Le Code n’offre aucune définition de la discrimination. Notre compréhension de cette notion évolue plutôt à la lumière des décisions des tribunaux administratifs et judiciaires. Pour établir à première vue l’existence de discrimination aux termes du Code, les plaignants doivent démontrer :
- qu’ils possèdent une caractéristique protégée par le Code contre la discrimination
- qu’ils ont subi un effet préjudiciable dans un domaine social auquel s’applique le Code
- que la caractéristique protégée a constitué un facteur dans la manifestation de l’effet préjudiciable[94].
Le requérant doit démontrer qu’il y a eu discrimination « selon la prépondérance des probabilités », c’est-à-dire qu’il est raisonnable de croire que de la discrimination ait eu lieu. Une fois la discrimination établie à première vue, il revient à l’intimé de justifier la conduite au moyen du régime d’exemptions prévu par le Code (p. ex. défense fondée sur des exigences de bonne foi). Si l’intimé ne peut justifier ainsi la conduite, le tribunal conclura à l’existence de discrimination.
Comme nous l’avons mentionné précédemment, il n’est pas nécessaire qu’il y ait eu intention d’exercer de la discrimination. L’intention n’entre pas en ligne de compte dans la détermination de l’existence de discrimination.
La discrimination est souvent difficile à cerner. Il pourrait n’exister aucune preuve directe d’un motif discriminatoire. Les décideurs du secteur des droits de la personne ont reconnu qu’il est possible de faire la démonstration de discrimination au moyen de l’analyse de tous les facteurs pertinents, y compris des éléments de preuve circonstanciels. De plus, selon la jurisprudence relative aux droits de la personne, il suffit qu’un motif protégé par le Code figure parmi les facteurs ayant mené à une décision ou à un traitement discriminatoire pour que soit rendu un jugement de discrimination[95].
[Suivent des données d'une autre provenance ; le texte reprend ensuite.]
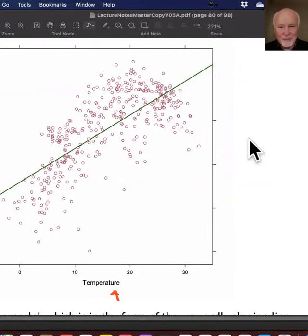We decided last week that we couldn't accurately predict the temperature because the variance was too great and the Pearson coefficient was too big.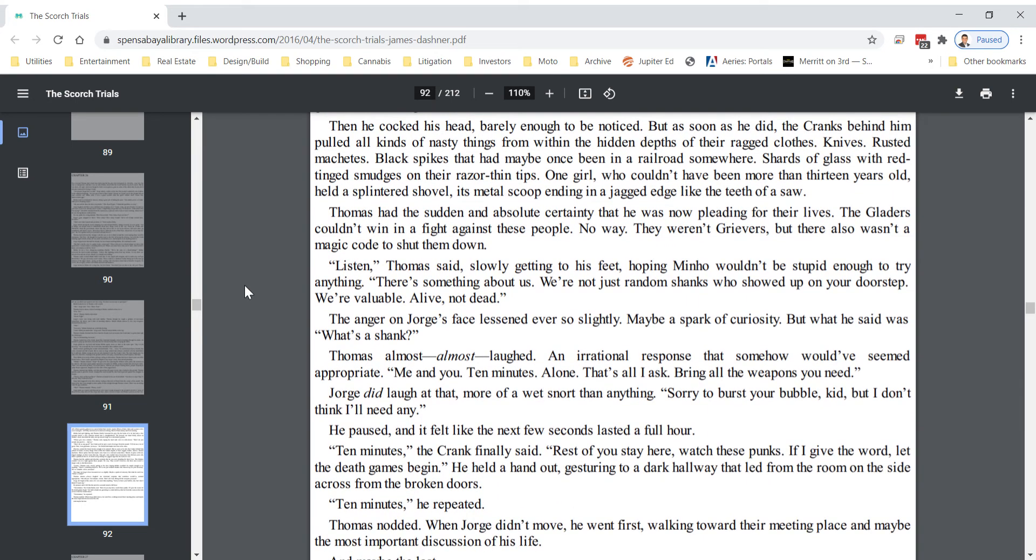Thomas had the sudden and absolute certainty that he was now pleading for their lives. The Gladers couldn't win in a fight against these people. No way! They weren't grievers, but there also wasn't a magic code to shut them down. Listen, Thomas said, slowly getting to his feet, hoping Minho wouldn't be stupid enough to try anything. There's something about us. We're not just random shanks who showed up on your doorstep. We're valuable, alive, not dead.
La méthode visant à déterminer l’existence de discrimination réelle devrait être flexible et prendre en compte le plein impact de la distinction sur la personne ou le groupe touché. Les facteurs contextuels et considérations pertinentes peuvent varier légèrement selon le type de discrimination (p. ex. directe, par suite d’un effet préjudiciable ou systémique; profilage) ou le motif allégué. Cependant, le critère juridique et le seuil de tolérance demeurent les mêmes.
Pour démontrer qu’il y a eu discrimination, il n’est pas nécessaire que l’interaction entre les parties ait inclus des paroles ou commentaires liés au handicap psychosocial. Toutefois, si de tels commentaires ont été formulés, ils constituent une preuve de plus du fait que le handicap psychosocial a joué un rôle dans le traitement réservé à une personne.
[94] Ces critères d’établissement de l’existence de discrimination sont tirés de Moore c. Colombie-Britannique (Éducation), 2012 C.S.C. 61; R.B. v. Keewatin-Patricia District School Board, 2013 HRTO 1436, au par. 204. Il est à noter que dans quelques cas, qui pour la plupart mettaient en cause des services gouvernementaux ou laissaient entendre qu’un traitement différentiel pourrait ne pas produire d’effet réellement discriminatoire, les circonstances de l’affaire ne permettaient pas de présumer ou de conclure qu’il y avait eu discrimination. Dans de tels cas, la partie plaignante peut devoir faire la démonstration du traitement ou de l’effet préjudiciable. Voir, par exemple, Ontario (Disability Support Program) v. Tranchemontagne, 2010, supra, note 39; Ivancicevic v. Ontario (Consumer Services), 2011 HRTO 1714 (CanLII); Klonowski v. Ontario (Community Safety and Correctional Services), 2012 HRTO 1568 (CanLII). Cependant, selon la Cour d’appel de l’Ontario et le TDPO, il est possible dans la plupart des affaires prises en application du Code de présumer l’existence d’un désavantage lorsqu’on est en présence d’un traitement préjudiciable fondé sur un motif de discrimination interdit. D’après ces tribunaux, il ne sera pas nécessaire, dans la plupart des causes relatives aux droits de la personne, de mener un processus de démonstration de la nature spécifique du désavantage. Voir Hendershott v. Ontario (Community and Social Services), 2011 HRTO 482, au par. 45 (CanLII).
[95] Gray v. A&W Food Service of Canada Ltd. (1994), CHRR Doc 94-146 (Ont. Bd. Inq.); Dominion Management v. Velenosi, [1977] O.J. No. 1277 au par. 1 (C.A.); Smith v.Mardana Ltd. (No. 1) (2005), 52 C.H.R.R. D/89 au par. 22 (Ont. Div. Ct.); King v. CDI Career Development Institutes Ltd. (2001), 39 C.H.R.R. D/322 (Sask. Bd. Inq.).